INTERVIEW - SUSANNAH DOYLE BY JOHN DALY

"I did have some reservations coming to work amongst a crew that had largely known each other for five years...But really, Ballykissangel does have such an easy atmosphere about it, people made my settling-in period very easy."


It was the kind of morning that the Irish Tourist Board might have dreamed of as I sat with Susannah Doyle high on a County Wicklow hilltop. With autumn sun burning off the overnight dew that lay about the sloping valley beneath us, we gazed across the patchwork quilt of Irish farmland clutching the warmth of coffee cups as the organised chaos of another day in Ballykissangel unfolded all around. With only a week remaining before the five-month shoot of the sixth series finally wrapped, an air of frantic activity mixed with a peculiar sense of exhaustion and relief that pervades most film sets at the end of a long haul.

Dressed in mud-splattered riding boots, well-worn breeches and an ankle-length raincoat, Susannah had finished her scenes for the day - and my watch reads only 11am. "Today was an early one, a 6am start" she said in a soft voice as her head inclined a silent greeting to a some fellow regulars just arriving. "Quite nice really, I get the rest of the day to myself. Might take a drive down the coast, try to find somewhere nobody's heard of Ballykissangel" she said with a smile. Tough job, that.

Begun in 1995 around an idea the original creator Kieran Prendiville called "the magical Irish quirkiness I remembered from my childhood", Ballykissangel has come a long way from what might have been conceived as a one-off into the BBC's most successful Irish-set drama series.

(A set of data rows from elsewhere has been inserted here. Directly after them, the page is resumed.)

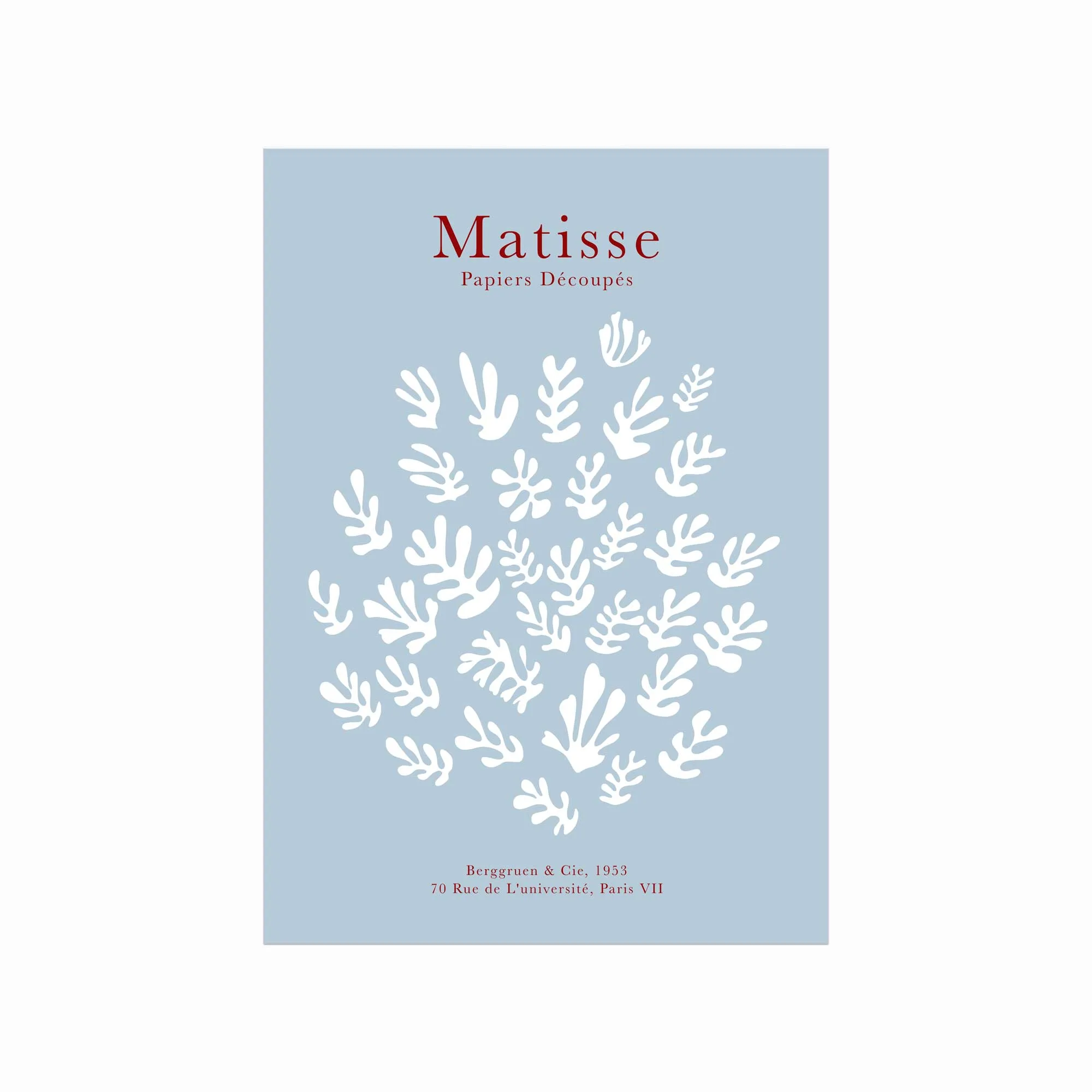 Henri Matisse Plakat Papiers Découpés 03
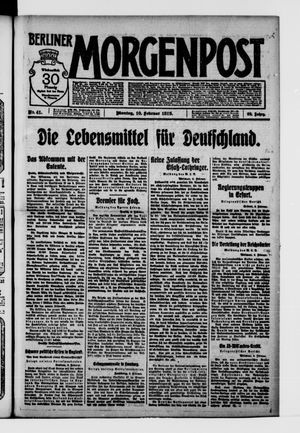 Berliner Morgenpost vom 10.02.1919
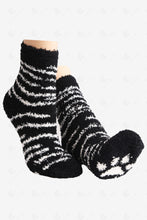 Load image into Gallery viewer, TIGER &amp; PAW PRINT PATTERN MINI-CREW SOCK SOCKS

With a creative ethos that mixes a Brigadoon-like isolation to what producer David Shanks describes as "an Irish, not Oirish, whimsicality", Ballykissangel has since moved well beyond the appreciation of British audiences into a global embrace of territories like New Zealand, Australia and Canada. And while the film set does indeed carry a palpable feeling of family given the fact that many of the original cast and crew remain, it can't be easy, perhaps, for newcomers. "I did have some reservations coming to work amongst a crew that had largely known each other for five years, one always has that hesitation coming to any new job as an actor" Susannah explained. "But really, Ballykissangel does have such an easy atmosphere about it, people made my settling-in period very easy."

It did help somewhat that she discovered connections to another newcomer this year, Robert Taylor. "I have a brother in Melbourne whom I visit quite regularly" she said smiling "And when Robert and I met on the set for the first time, we discovered that we'd actually met briefly through some mutual friends in Melbourne some years back. Talk about your small world." Despite the distance, trips Down Under qualify as sanctuary for Susannah: Australia is probably too far to qualify as a bolt-hole for me, but I do love the place and it makes an ideal break from work - I mean, you can't get much further from London than there."

As the daughter of the late Tony Doyle, who reigned supreme as wheeler-dealer Brian Quigley throughout the entire five years of the series, Susannah Doyle entered a familiar yet deeply emotional territory on her arrival in Ballykissangel. Treading in the fictional footsteps of her father and working with a crew still coping with the tragic and premature passing of a such a well-loved man clearly carried it's difficulties for a daughter finding her own way into the future. In that rich tradition of the acting life, however, Susannah was aware that the show must go on. "Acting was inculcated into my childhood and growing up years, it became the thing I had decided I wanted to do even from the earliest age. In that sense, it was inbred in me. I was the only one amongst my brothers and sisters who actually went into acting as a career. For me, there was never any doubt that it was what I wanted to do" she said of the journey that must have carried more than its fair share of personal trauma. "I am very proud to be involved with Ballykissangel and the fact that it is already associated with my father makes me all the more so."

Pride in her own Irish heritage allied to the chance of spending six months of her working year in the bucolic environs of Co Wicklow were both important factors influencing Susannah's decision to take the role in Ballykissangel. It became partly a journey back to her roots combined with a desire to act in a series that's travelled so well in a global sense. "Ireland and Irish people have an easy, natural appeal practically everywhere in the world and Ballykissangel, I think, reflects this charm very well. The specificity of where the series is filmed mixed with the cultural aspects of place makes for intriguing scenarios both for the actors and the audience. Also, the fact that Kieran Prendiville is once again writing the series influenced me greatly in becoming part of Ballykissangel. The strength of the characters has always been the core of the series, and, clearly, the return of the original creator can only help to build on that aspect even further."